Depth estimation using Convolutional Neural Network with transfer
learning
Abstract
Predicting depth is crucial to understand the 3-D geometry of a scene. For stereo images local correspondence
suffices for estimation, whereas for finding depth from a single image is less straightforward, requiring
integration of both global and local information. In this paper, authors deal with depth estimation using
Convolutional Neural Network (CNN) with transfer learning. Authors propose a not so deep CNN which uses
transfer learning to extract low-level features. Fully convolutional architecture has been employed, which first
extracts low-level image features by pre-trained ResNet-50 and VGG19 network. Transfer learning has been
done by using the initial layers of ResNet-50 and VGG19 which are connected in parallel without down
sampling anywhere in the proposed architecture to recover the size of the depth map. This CNN network can run
real-time on images with enough computing power because it is not such a deep architecture. The model has
been compared with a pure CNN network and illustrates the effectiveness of transfer learning. It has been
demonstrated that our method of deep CNN with transfer learning yields a better result than one pure CNN and
is faster to converge. The influence of different loss functions during training has also been shown. The results
are shown by comparing qualitative visualization and quantitative metrics.
Keywords
Transfer learning, CNN, ResNet-50, VGG19.
1. Introduction
To achieve true humanoid, 3d information of the environment is one of the critical features a
robot must have. Historically Depth information is predominantly used in localization tasks
relative to the environment [8] be it the robot or a self-driving car using various techniques
like VO (visual odometry) or SLAM (simultaneous localization and mapping), 3D modelling
[1][2], etc. Estimating depth is an essential part of understanding geometric relative relations
within an environment. In turn, these relations provide a richer representation of the object
and its surrounding often lead to improvements in existing tasks be it recognition task [6],
physics, robotics [7][5], i.e., helps in determining the relative pose of the camera, and can be
used in reasoning about the occlusions.
Estimating depth from a monocular image is a known ill-posed problem, because an RGB
image may correspond to an infinite number of real-world scenarios. Previously, several
classic algorithms had been tried to tackle this problem, including the Structure from Motion
method. It leverages camera motion to estimate camera poses through different temporal
intervals and, in turn, estimate depth via triangulation from pairs of progressive views.

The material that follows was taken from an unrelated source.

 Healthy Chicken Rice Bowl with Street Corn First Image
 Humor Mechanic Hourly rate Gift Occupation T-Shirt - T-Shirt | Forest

As the general trends of drones becoming smaller and smaller the monocular approach to
estimate depth is becoming interesting because the stereo case degenerates to the monocular
case when the distance between the baseline of a stereo camera is minimal compared to the
object or landmarks distance from the camera.
Recently, CNNs have been employed to learn depth from an RGB image. Motivated fom
recent developments in AI, we implemented an end-to-end trainable CNN architecture (not so
deep) combined with transfer learning to learn a mapping between color image pixel intensity
with the corresponding depth map.
In relation to depth estimation, the absolute scale of the surrounding environment symbolizes
the actual size of the objects in the physical world. Depth map correctly predicts the absolute
scale of the scene represents depth values where absolute values are similar to the actual
depth values. Conversely, a depth map which reflects the relative depth of the scene has the
same relation between the pixels (higher/lower depth) as the true depth map. In this work, we
tried to predict the relative scale of the scene, since it is more intuitive to predict using a
single image and therefore easier to train.
2. Literature Survey
2.1 In the work done by Eigen et al. [3], they were the one to first suggest a solution to
estimate the depth that uses CNNs. They used two-scale CNN consisting of the coarse-scale
network and the fine-scale network. The coarse scale network was a CNN that identifies the
geometry of a scene in Global Context. The output of the coarse-scale network is a low-
resolution image. This in turn, along with the original input image is then fed to the fine-scale
network. The fine-scale network is a CNN consisting of three CNN layers and was used to
refine the coarse prediction. Additionally, Eigen et al. [3] in their work considered the issue
of scale-invariance. In the paper, they have used scale-invariant error function for
performance evaluation and a scale-invariant loss function 𝐿 (𝑦, 𝑦*) for the training.
❑ ❑
1 1
𝐿 (𝑦, 𝑦*) =
n
∑ ❑(log 𝑦i − log 𝑦i* + n
∑ ❑(log 𝑦 * − log 𝑦 )) .
j j
2
(2.1)
i j
Where, 𝑦i signifies the projected depth value for the pixel 𝑖, 𝑦i* is the true depth value for the
Pixel. Scale invariance is achieved through the inner sum, which consists of the mean log
difference between predicted and ground truth depth values.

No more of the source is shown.